Two powerful men, Iowa Rep. Steve King and Nobel Prize winner James Watson, are sanctioned for their racist remarks. Will it matter?

Dr. James Watson poses with the original DNA model.

Last night, House Republican leaders voted to remove Rep. Steve King of Iowa from his posts on the Judiciary and Agriculture Committees, a direct rebuke for his white supremacist statements. Although some of his colleagues had chided him in the past, it did seem a bit like a sudden pile-on.

Even Senate majority leader, Mitch McConnell suggested that King should consider “another line of work.”

Perhaps Mr. King, who barely won his bid for his ninth term last November in a surprisingly tight race against a solid Democratic challenger in a conservative district, had finally worn out his welcome.

But he’s not the only one.

James Watson, a trail-blazing DNA scientist and 1962 Nobel Prize winner, is being stripped of his honorary titles after he made blatantly racist comments (again) in a recent PBS documentary “American Masters: Decoding Watson.”

Watson, 90, is best known for co-discovering the double-helix structure of DNA with Francis Crick (based on the work by chemist Rosalind Franklin.) He should have been equally known for a lifetime of racist and homophobic statements, which he rolled back from time to time with lukewarm apologies.

But it appears that he has long believed that genetics proves that white people are superior to black people, despite clear science to the contrary. So much so, that he once expressed doubt about the prospects for Africa, and despite hoping that all people were equal, he said, “people who have to deal with black employees find this is not true.”

I wonder if he ever had to deal with black employees.

He’s now lost his honorary titles at the Cold Spring Harbor Laboratory in New York where he had been the director from 1968 to 1993. “[The laboratory] unequivocally rejects the unsubstantiated and reckless personal opinions Dr. James D. Watson expressed,” they said in a statement.

It’s painful to consider the kind of damage racists can do when they are free to shape policy, science, hiring, and the allocation of resources.

King and Watson appear to believe terrible things, things which their long-time supporters either missed or were prepared (or felt forced) to overlook.

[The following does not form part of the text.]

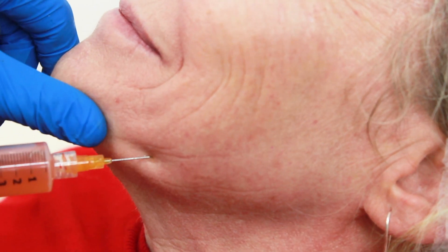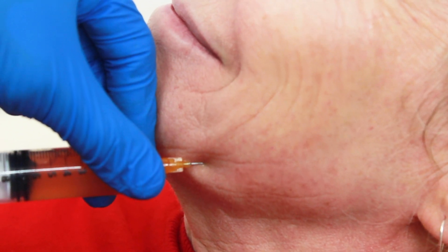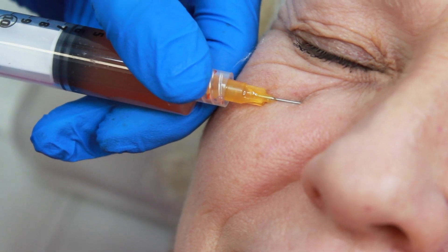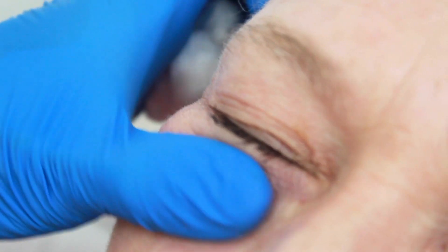We can inject it very superficially into the skin itself. We also like to inject it quite deeper around the bones of the face because it can really help remodel the soft tissue. There's fantastic evidence of it being used for bones and much deeper layers as well. Some people use it for stimulation of hair growth, and it also has a range of applications, even in vaginal rejuvenation.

I confess I struggle with this.

I think the world would be better off if we came to some sort of reckoning about how to deal with powerful people who believe terrible things, and effectively address the opportunity costs associated with keeping useful bigots around. Until we do, we’ll still be punishing them when it’s too late.

Still, I think this is a moment to be hopeful, and that the sanctions of individuals will send a message that this way of thinking won’t be overlooked anymore.

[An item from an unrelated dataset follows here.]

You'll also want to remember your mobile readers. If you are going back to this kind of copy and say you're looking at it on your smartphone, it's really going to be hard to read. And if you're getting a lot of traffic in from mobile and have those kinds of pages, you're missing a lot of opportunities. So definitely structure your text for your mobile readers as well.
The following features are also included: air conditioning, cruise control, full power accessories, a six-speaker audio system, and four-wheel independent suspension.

For more on the theme of accountability, check out this brave new ad from Gillette. It speaks to the impact of toxic masculinity by addressing #MeToo, sexual harassment, bullying, male mental health, and the dismissal of women by men at work. But more poignantly, it captures the way that the culture has long supported these behaviors.

Called “The Best Men Can Be,” it is a deft update on their thirty-year-old slogan,“The Best A Man Can Get.”

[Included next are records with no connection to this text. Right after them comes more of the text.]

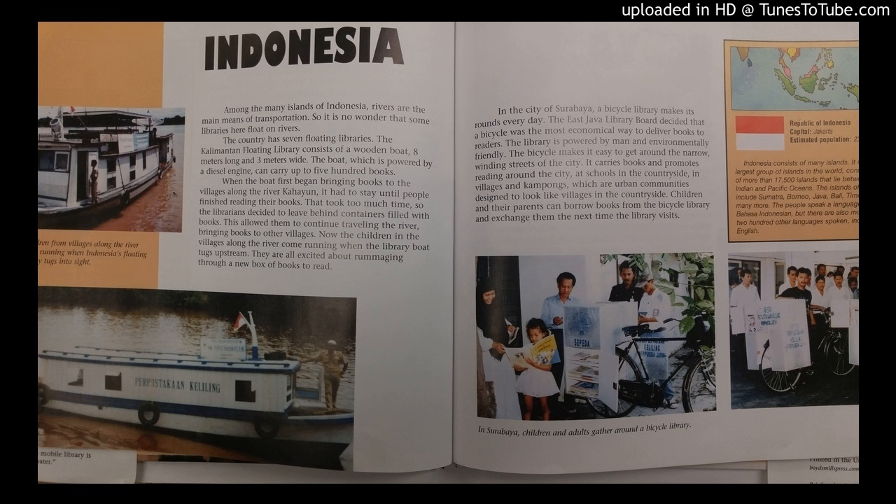The country has seven floating libraries. The Kalimantan Floating Library consists of a wooden boat 8 meters long and 3 meters wide. The boat, which is powered by a diesel engine, can carry up to 500 books.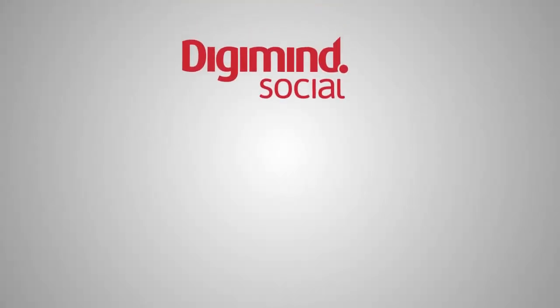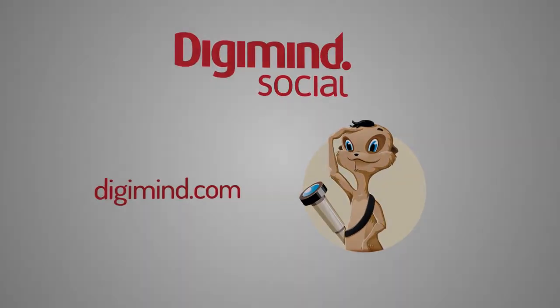Stay up to date with the latest social media insights, news and industry best practices by visiting our social intelligence blog, Digimind Social, and stay tuned for a new Digimind Social Insights video coming to your screens next week.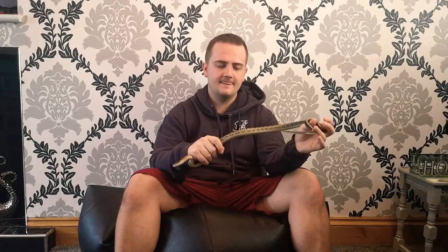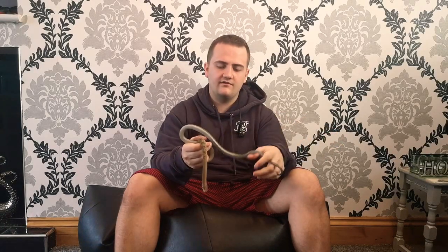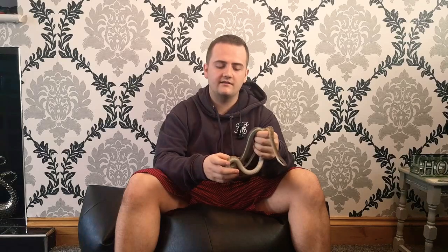In my opinion these are the most underrated locality of beauty snake. You can't see his full colors now because he is in shed. I did do a quick little video on him the other day if you want to see his full colors, so just check that out if you're interested.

It’s not subtle. Over scenes showing harassment, misogyny, and “boys will be boys” posturing, comes the narrator’s voice: “We can’t hide from it. It’s been going on far too long.” The implication is that things have changed. “We believe in the best in men. To say the right thing, to act the right way.”

I expect the message will resonate with Gillette’s other target audience, women. (Women drive 70-80% of all consumer spending, either through cash money or influence, after all.)

But a brief clip of Terry Crews, the actor and now-advocate for sexual assault survivors, is the closer shave. “Men need to hold men accountable,” he says.

It’s what an ally does. Sure, it may be too late for the Tiki torch crowd, but it’s a start.